When Agent B receives a request, it processes it via something called an Agent Executor — a class that links the generic A2A protocol (handled by the SDK) to the agent’s specific logic.
This executor lets the agent behave like a Lego block that can be easily connected to other agents.


Handling Long-Running Tasks

Not all tasks complete quickly. Some require time, and the protocol handles that gracefully.

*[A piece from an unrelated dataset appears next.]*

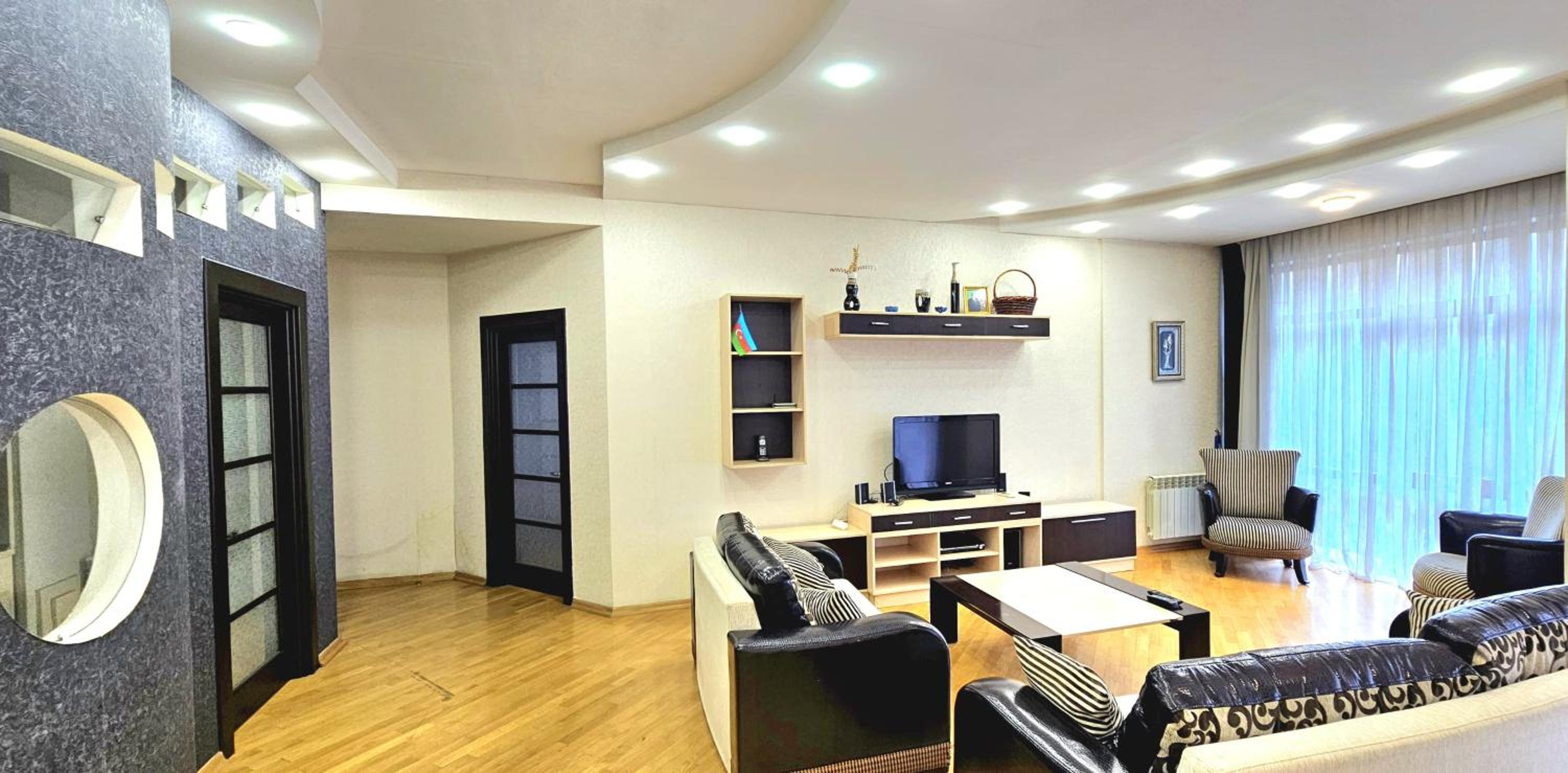 Big Apartment in the centre Baku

When an agent starts a long process:

  1. The task gets a unique ID and status lifecycle
  2. Initially it may respond with a “working” status
  3. Agent A can periodically ask for status updates using the task ID
  4. Later, Agent B will return a completed result inside the same task object

This polling approach works, but it’s not the most efficient.

Streaming Updates (SSE)

If Agent B supports streaming (using Server-Sent Events), Agent A can keep an HTTP connection open and receive live updates:

  • Initial task object
  • Task status events
  • Task artifact updates (e.g., breaking large outputs into chunks)

This enables live progress feedback, like a document appearing piece by piece as it’s generated — a much better user experience.

You can find a detailed tutorial and sample agents at the A2A tutorial link.


Where A2A Fits in the Agent Stack

Is A2A all you need to productionize your agent?

Not exactly — A2A is one part of the full agent stack. Google recommends a layered stack, but you’re free to choose different components based on your needs.

You might also notice another protocol called MCP being used in agent ecosystems.


How A2A and MCP Relate

A2A and MCP are complementary, not competitors:

  • MCP standardizes how an agent connects to its own tools, APIs, and resources — essentially how it performs function calls.
  • A2A, on the other hand, standardizes how different independent agents talk to each other — sharing tasks and workflows.

In sophisticated agent systems, both will be used:

  • Agents use MCP to interact with tools they control
  • Agents use A2A to collaborate with other agents

Get Started with A2A

The best way to learn is by trying it yourself:

  • Check out the full A2A specification and documentation
  • Use the official Python SDK (pip install a2a-sdk)
  • Browse sample code in the A2A samples repo
  • Explore the full set of official repos in the Google A2A GitHub organization

Final Thoughts

A2A unlocks powerful workflows in a multi-agent world. Let me know what your plan is with agent collaboration using A2A!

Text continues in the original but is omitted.